Figure 3—figure supplement 1

Download asset Open asset

Characterization of module no. 2 drivers.

(A) Driver–driver correlations in module no. 2. A matrix of drivers (columns) vs drivers (rows), where the blue/red scale indicates negative/positive Pearson correlation coefficients. (B) Causality p value score profiles. A matrix of traits (columns) vs driver transcripts (rows), where the blue/white scale indicates the significance of causative relationships among the trait, the driver, and a representative variant in the module's genomic interval (rs13475891 in chr1:62 Mbp). (C) Relationship between module no. 2 drivers and human glioblastoma survival. The figure depicts the significance of differences in Kaplan–Meier survival plots (y-axis; −log p value) between groups of patients with glioblastoma, where groups are based on their levels of expression of a driver in module no. 2 (x-axis).
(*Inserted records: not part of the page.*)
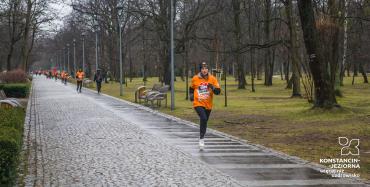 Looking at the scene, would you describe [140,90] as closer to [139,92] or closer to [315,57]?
[139,92]

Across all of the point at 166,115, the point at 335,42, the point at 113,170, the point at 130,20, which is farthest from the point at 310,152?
the point at 130,20

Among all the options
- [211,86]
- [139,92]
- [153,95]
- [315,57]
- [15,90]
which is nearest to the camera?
[211,86]

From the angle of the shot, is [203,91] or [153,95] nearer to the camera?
[203,91]

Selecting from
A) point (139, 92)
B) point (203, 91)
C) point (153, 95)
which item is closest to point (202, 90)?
point (203, 91)

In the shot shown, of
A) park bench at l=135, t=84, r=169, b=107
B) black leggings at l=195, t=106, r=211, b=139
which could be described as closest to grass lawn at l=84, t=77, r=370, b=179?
black leggings at l=195, t=106, r=211, b=139

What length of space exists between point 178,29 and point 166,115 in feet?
89.4

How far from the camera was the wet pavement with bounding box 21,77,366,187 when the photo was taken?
→ 8.33 meters

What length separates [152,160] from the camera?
404 inches

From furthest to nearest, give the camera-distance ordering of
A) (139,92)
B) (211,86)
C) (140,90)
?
(140,90)
(139,92)
(211,86)

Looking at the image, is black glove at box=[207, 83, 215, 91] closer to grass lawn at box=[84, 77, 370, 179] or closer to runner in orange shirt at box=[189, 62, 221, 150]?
runner in orange shirt at box=[189, 62, 221, 150]

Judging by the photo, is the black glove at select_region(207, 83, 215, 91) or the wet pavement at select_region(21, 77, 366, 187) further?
the black glove at select_region(207, 83, 215, 91)

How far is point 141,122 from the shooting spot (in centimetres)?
1817

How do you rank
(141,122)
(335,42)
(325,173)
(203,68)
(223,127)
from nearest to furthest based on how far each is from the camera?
(325,173) < (203,68) < (223,127) < (141,122) < (335,42)

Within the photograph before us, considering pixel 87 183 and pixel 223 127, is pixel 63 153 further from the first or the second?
pixel 223 127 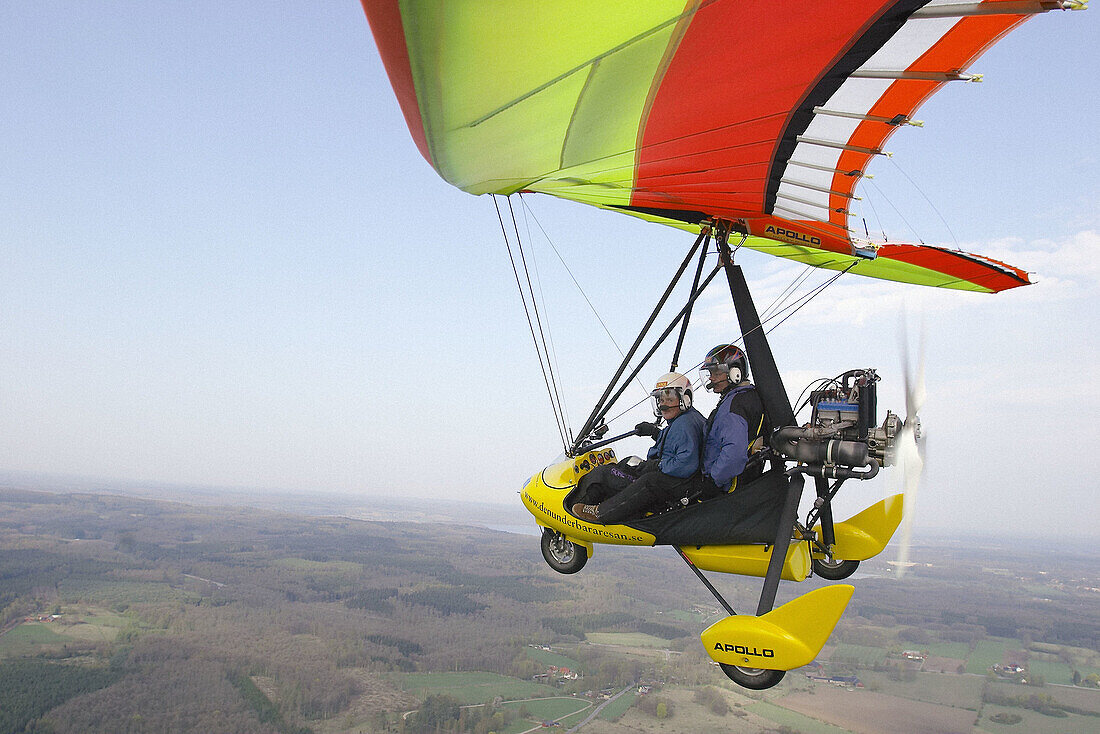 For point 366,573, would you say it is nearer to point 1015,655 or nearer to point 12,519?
point 1015,655

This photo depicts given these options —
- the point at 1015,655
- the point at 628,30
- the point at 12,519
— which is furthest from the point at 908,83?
the point at 12,519

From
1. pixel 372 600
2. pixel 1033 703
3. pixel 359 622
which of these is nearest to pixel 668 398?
pixel 1033 703

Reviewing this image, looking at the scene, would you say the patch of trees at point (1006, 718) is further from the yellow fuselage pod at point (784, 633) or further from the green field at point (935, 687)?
the yellow fuselage pod at point (784, 633)

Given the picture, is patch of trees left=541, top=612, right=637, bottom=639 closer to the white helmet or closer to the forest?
the forest

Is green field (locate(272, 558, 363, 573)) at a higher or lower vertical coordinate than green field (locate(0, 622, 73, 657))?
higher

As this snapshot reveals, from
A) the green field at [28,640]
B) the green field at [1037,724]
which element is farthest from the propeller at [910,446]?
the green field at [28,640]

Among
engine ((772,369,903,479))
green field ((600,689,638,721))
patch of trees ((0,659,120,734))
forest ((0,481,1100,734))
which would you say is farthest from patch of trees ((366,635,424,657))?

Black/white indicates grouping based on up-regulation/down-regulation vs intermediate regulation of a driver.

https://doi.org/10.7554/eLife.04346.013

Figure 3—figure supplement 2

Download asset Open asset

Relationships among components in module no. 2.
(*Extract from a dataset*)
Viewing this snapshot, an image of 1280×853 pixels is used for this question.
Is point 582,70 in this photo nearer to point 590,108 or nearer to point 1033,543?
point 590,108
(A) Left: *Klf7* expression levels (y-axis) of all individuals carrying the C57BL/6J allele (left column) and DBA/2J allele (right column) for the representative variant rs13475891 of module no. 2. Right: Scatter plot, where for each individual the y-axis shows the measured level of a morphine-related trait (distance travelled in 0–180 min in males and females) and the x-axis shows the *Klf7* expression. (B) Plots are shown as in A, but for the *Idh1* transcript. (C) Level of a morphine-related trait (distance travelled in 0–180 min in males and females; y-axis) of all individuals carrying the C57BL/6J allele (left column) and the DBA/2J allele (right column). The plot shows higher levels of the morphine-related trait in C57BL/6J-carrying individuals. (D) Effect size of variant rs13475891 on the traits in module no. 2. The histogram represents average expression levels of DBA/2J-carrying individuals minus the B6-carrying individuals (y-axis) for each module trait (x-axis). The plot indicates a higher level of the morphine-related trait in C57BL/6J-carrying individuals, as exemplified in C.

https://doi.org/10.7554/eLife.04346.014

Figure 3—figure supplement 3

Download asset Open asset

Causality of *cis*-associated transcripts.
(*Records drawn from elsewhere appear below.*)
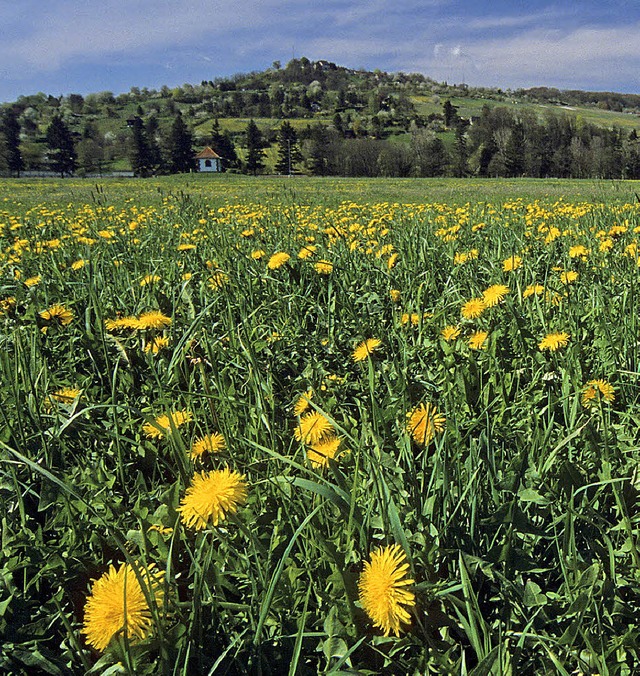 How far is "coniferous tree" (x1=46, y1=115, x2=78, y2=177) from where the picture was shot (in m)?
73.1

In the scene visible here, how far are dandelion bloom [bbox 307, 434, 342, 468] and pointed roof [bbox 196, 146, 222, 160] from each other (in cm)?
8659

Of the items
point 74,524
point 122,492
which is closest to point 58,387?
point 122,492

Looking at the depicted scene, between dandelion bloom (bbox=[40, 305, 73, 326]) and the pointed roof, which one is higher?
the pointed roof

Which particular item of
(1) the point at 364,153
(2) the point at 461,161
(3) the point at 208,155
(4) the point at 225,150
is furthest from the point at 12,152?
(2) the point at 461,161

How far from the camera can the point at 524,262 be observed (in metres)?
2.77

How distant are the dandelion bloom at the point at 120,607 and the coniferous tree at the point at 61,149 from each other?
8325 cm

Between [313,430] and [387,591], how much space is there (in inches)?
18.3

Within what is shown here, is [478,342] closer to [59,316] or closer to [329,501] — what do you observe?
[329,501]

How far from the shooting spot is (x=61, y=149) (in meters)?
73.6

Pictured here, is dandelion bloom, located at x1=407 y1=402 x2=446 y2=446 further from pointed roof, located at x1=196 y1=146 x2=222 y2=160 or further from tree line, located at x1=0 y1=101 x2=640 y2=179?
pointed roof, located at x1=196 y1=146 x2=222 y2=160

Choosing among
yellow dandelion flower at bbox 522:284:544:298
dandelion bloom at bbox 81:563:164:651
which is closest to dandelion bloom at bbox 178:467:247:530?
dandelion bloom at bbox 81:563:164:651

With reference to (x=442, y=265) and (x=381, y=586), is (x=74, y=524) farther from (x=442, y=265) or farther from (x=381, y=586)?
(x=442, y=265)

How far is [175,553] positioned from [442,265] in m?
2.57

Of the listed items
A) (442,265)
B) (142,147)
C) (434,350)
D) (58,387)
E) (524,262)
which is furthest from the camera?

(A) Causality p value scores of *Klf7* and *Idh1* on several drivers in module no. 2. The histogram represents the causality p-value scores (y-axis) of *Idh1* (blue) and *Klf7* (black) on the module's transcripts (x-axis). The plot indicates a stronger influence of *Klf7* than of *Idh1*. Causality p-value scores were calculated as −log p values in a causality test (see ‘Materials and methods’), where the expression levels of *Klf7* (or *Idh1*) were positioned between the genetic variant of module no. 2 and the gene expression of another driver transcript in this module. (B) Causality p-value scores (y-axis) of *Klf7* (left column) and *Idh1* (right column) on drivers in groups I (blue) and II (red), indicating a stronger influence of *Klf7* than of *Idh1* in both driver groups.

https://doi.org/10.7554/eLife.04346.015

Figure 3—figure supplement 4

Download asset Open asset

Causative relationships of module no. 2 across multiple tissues.

Significance of causative relationships (blue, high; white, low) among traits (rows) vs the expression of driver transcripts (columns) in nine different tissues or cell types (color coded). In all cases a representative variant in the genomic interval of the module was used for analysis of causality (see Supplementary file 1C). Myeloid cells are shown at the top, indicating that causality relationships in this module are observed in myeloid cells, but hardly if at all in other tissues. Source data: ¹Gerrits et al., 2009; ²Geisert et al., 2009; ³Mozhui et al., 2012; ⁴Gatti et al., 2007; ⁵Alberts et al., 2011.

https://doi.org/10.7554/eLife.04346.016

Figure 3—figure supplement 5

Download asset Open asset

Causative relationships of module no. 2 across time points.

A plot of causality −log p values of *Klf7* (y-axis), assuming a fixed genetic variant in the *Klf7* gene and various behavioral assays (blue, place preference; green, distance travelled; orange, vertical activity) that were performed at various time points (y-axis) after morphine injection (data from Philip et al., 2010). The plot indicates that the causative influences of *Klf7* on the three different behavioral assays act mainly between 30 and 120 min after morphine injection.

https://doi.org/10.7554/eLife.04346.017

Figure 4 with 2 supplements

Download asset Open asset

Characteristics of module nos. 3 (A) and 4 (B).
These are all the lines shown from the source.